Much happened at the recently concluded Munich Security conference, but I am particularly interested in the speech by the outgoing foreign minister of Germany, Sigmar Gabriel. Some interpreted the speech as an attack on China and its Belt and Road Initiative, seeing the speech an accusation that China is trying to take over the world. However, if you actually look at the text of the speech, you will see that he has relatively little to say about China or Russia, or indeed the Korean peninsula – except to frame the speech in terms of a substantially changed world. Instead, he is most concerned about the way the United States is disappearing from the scene (as someone else pointed out, it is like watching the collapse of the Roman Empire). Gabriel worries about the fragmentation of the ‘liberal’ – that is, bourgeois – world order, imploring the USA to get involved again and suggesting that Europe as a whole needs to step up. All of this was far more accurately reported by Deutsche Welle.

But what did Gabriel say about China? He does say that China (implicitly Chinese Marxism) has a very different approach to the world, which is not a bourgeois liberal one focused on ‘freedom’, (bourgeois) ‘democracy’ and ‘the individual’. True enough, and I too am against this kind of world ‘order’. However, Gabriel also observes that China is the only global superpower that has a ‘truly global, geo-strategic’ idea, which it pursues consistently. Most importantly, he says that he is certainly not reproaching China for this project, for it is China’s perfect right (das gute Recht) to develop it.

The problem, however, is that Europe does not have a coherent answer. What type of answer? An alternative to China? No, what is needed is a new approach of shared values and global balance rather than a zero-sum game. Sounds remarkably like Xi Jinping’s ‘community of shared future for all’. (Another piece in DW indicates how China and the EU are already moving closer).
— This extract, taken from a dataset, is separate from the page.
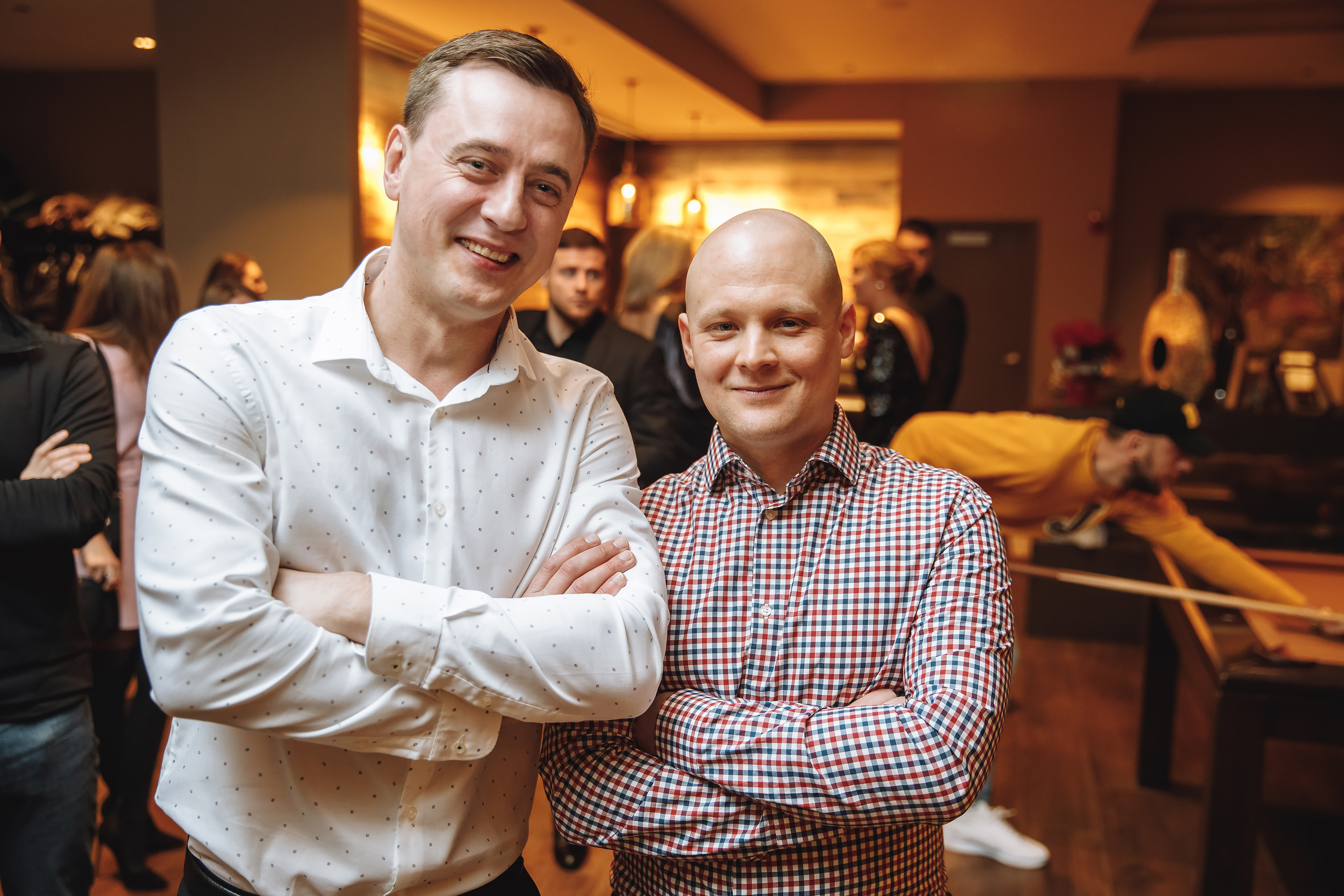 Deymar Insurance Agency. Wedding family event photographer in Chicago Nick Yushevich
On this note, it is worth noting that Fu Ying (chair of the Foreign Relations Committee of the National People’s Congress) made it clear at the conference that China is not interested in a ‘competition of systems’. While she pointed out that the ‘Western’ system so beloved by Sigmar Gabriel (and others) has raised as many problems as it has solved, China is not interested in replacing it. To quote the article further:

But as China becomes stronger, questions and worries outside of China emerged.

What does it mean when China vows to “move closer to center stage”? Does it mean China is prepared to replace the United States and playing a “leading role”? When China offers “Chinese wisdom and a Chinese approach”, is that tantamount to China exporting its development model?

Fu answered to these worries by saying “We wish to play a role in world affairs and make an even greater contribution to mankind. But it must be done within our means and in a manner consistent with our values.”

She emphasized that China has only offered a new option to countries that seek rapid development while retaining their independence, “but this does not mean that China’s model and ideology are to be exported.”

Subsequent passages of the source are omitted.